Hi,
> it would be great if you decided to do the hacking. We can offer some
> help of course. There's a clearly defined hook for the conversion
> routine so the task is just to write the routine. It should convert an
> utf-8 sequence into a code in an ISO-8859-like encoding. If you're
> interested, take a look at utf8.cpp and
> PhysicalOutputLayerObj::sendOut() in output.cpp. I'm ready for a more
> detailed discussion.
Ok, attached is a quick and dirty hack that seems to do the job. It
could need some testing and I'm not sure what utf8CharCode() is
supposed to do.
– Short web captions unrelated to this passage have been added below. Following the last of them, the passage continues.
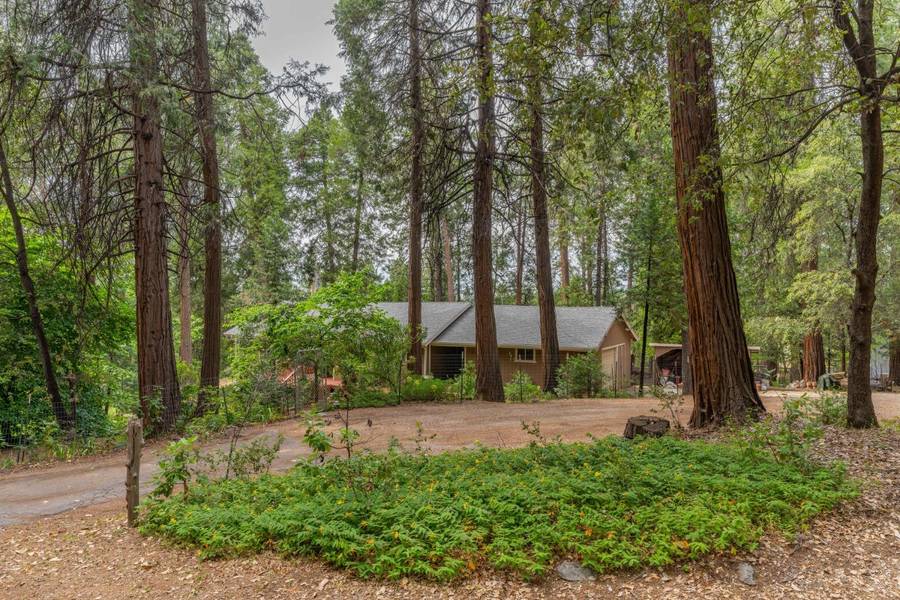 23435 Deer Lane, Pioneer, CA 95666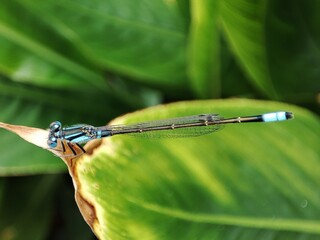 Damselfly 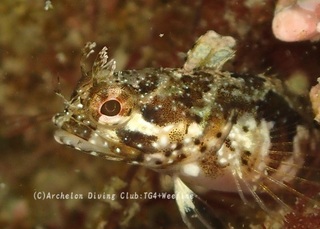 araisokoke240313-k.jpg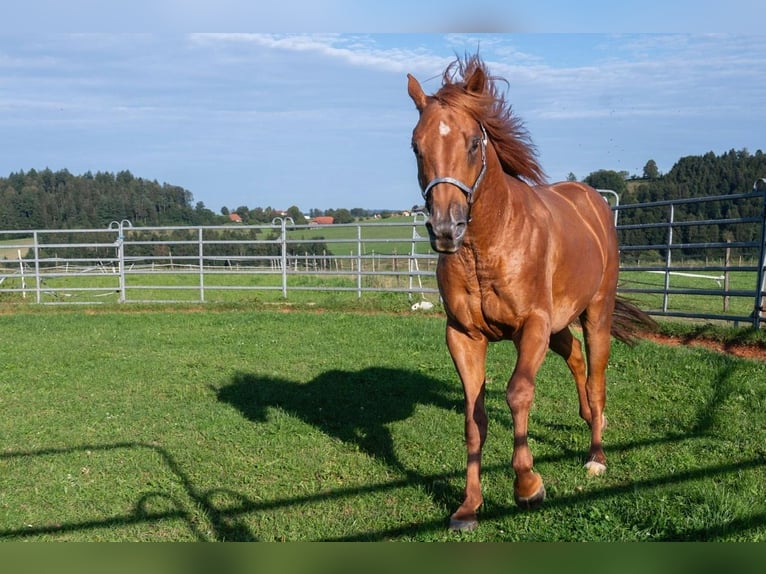 American Quarter Horse Gelding 3 years 14,2 hh Sorrel in Glashütten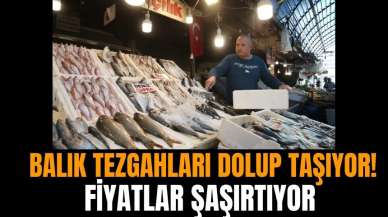 Balık tezgahları dolup taşıyor! Fiyatlar şaşırtıyor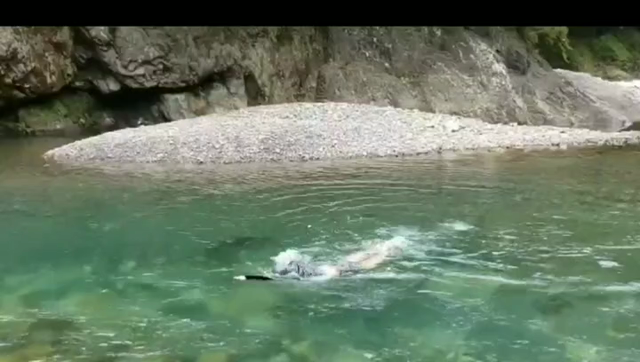 明日は配信の日ですの記事動画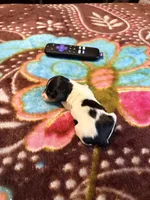 Spotted One, a female Miniature Dachshund for sale in Lynchburg, VA – Photo 5 of 8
The patch is against Sablot-0.4.0 and I'd be happy
if it would make its way into the next release.
Salut, Sven
diff -u ../../Sablot-0.40-orig/Sablot/output.cpp ./output.cpp
--- ../../Sablot-0.40-orig/Sablot/output.cpp Fri Jun 30 12:23:25 2000
+++ ./output.cpp Tue Jul 11 16:08:46 2000
@@ -205,6 +205,21 @@
else return OUTPUT_UNKNOWN;
}
+// FIXME: does it make sense to default to UTF8 ?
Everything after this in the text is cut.